Douglas A. McIntyre is the co-founder, chief executive officer and editor in chief of 24/7 Wall St. and 24/7 Tempo. He has held these jobs since 2006.

McIntyre has written thousands of articles for 24/7 Wall St. He is an expert on corporate finance, the automotive industry, media companies and international finance. He has edited articles on national demographics, sports, personal income and travel.

His work has been quoted or mentioned in The New York Times, The Wall Street Journal, Los Angeles Times, The Washington Post, NBC News, Time, The New Yorker, HuffPost USA Today, Business Insider, Yahoo, AOL, MarketWatch, The Atlantic, Bloomberg, New York Post, Chicago Tribune, Forbes, The Guardian and many other major publications. McIntyre has been a guest on CNBC, the BBC and television and radio stations across the country.

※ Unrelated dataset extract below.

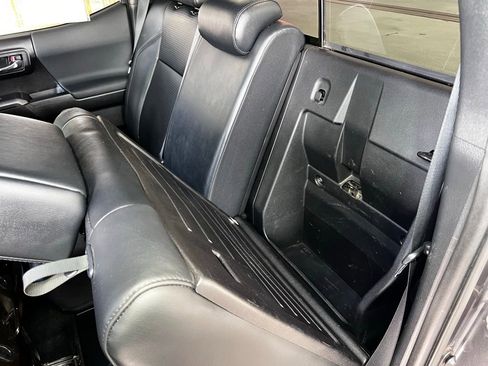 Used 2020 Toyota Tacoma TRD Off-Road image 49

A magna cum laude graduate of Harvard College, McIntyre also was president of The Harvard Advocate. Founded in 1866, the Advocate is the oldest college publication in the United States.

TheStreet.com, Comps.com and Edgar Online are some of the public companies for which McIntyre served on the board of directors. He was a Vicinity Corporation board member when the company was sold to Microsoft in 2002. He served on the audit committees of some of these companies.

McIntyre has been the CEO of FutureSource, a provider of trading terminals and news to commodities and futures traders. He was president of Switchboard, the online phone directory company. He served as chairman and CEO of On2 Technologies, the video compression company that provided video compression software for Adobe’s Flash. Google bought On2 in 2009.